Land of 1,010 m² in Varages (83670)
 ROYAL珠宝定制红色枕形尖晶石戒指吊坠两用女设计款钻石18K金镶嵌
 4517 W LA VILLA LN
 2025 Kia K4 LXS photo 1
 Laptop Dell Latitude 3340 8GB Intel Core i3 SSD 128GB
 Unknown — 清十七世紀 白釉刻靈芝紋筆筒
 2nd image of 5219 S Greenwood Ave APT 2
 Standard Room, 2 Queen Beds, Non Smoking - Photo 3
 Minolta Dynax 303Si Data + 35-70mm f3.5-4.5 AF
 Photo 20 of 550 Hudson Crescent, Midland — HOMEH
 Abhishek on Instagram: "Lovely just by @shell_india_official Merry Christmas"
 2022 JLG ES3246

================

### WORK TO COMPLETE
Copy out each entry precisely. Leave nothing out.

### OUTPUT OF THE EXERCISE
Land of 1,010 m² in Varages (83670)
 ROYAL珠宝定制红色枕形尖晶石戒指吊坠两用女设计款钻石18K金镶嵌
 4517 W LA VILLA LN
 2025 Kia K4 LXS photo 1
 Laptop Dell Latitude 3340 8GB Intel Core i3 SSD 128GB
 Unknown — 清十七世紀 白釉刻靈芝紋筆筒
 2nd image of 5219 S Greenwood Ave APT 2
 Standard Room, 2 Queen Beds, Non Smoking - Photo 3
 Minolta Dynax 303Si Data + 35-70mm f3.5-4.5 AF
 Photo 20 of 550 Hudson Crescent, Midland — HOMEH
 Abhishek on Instagram: "Lovely just by @shell_india_official Merry Christmas"
 2022 JLG ES3246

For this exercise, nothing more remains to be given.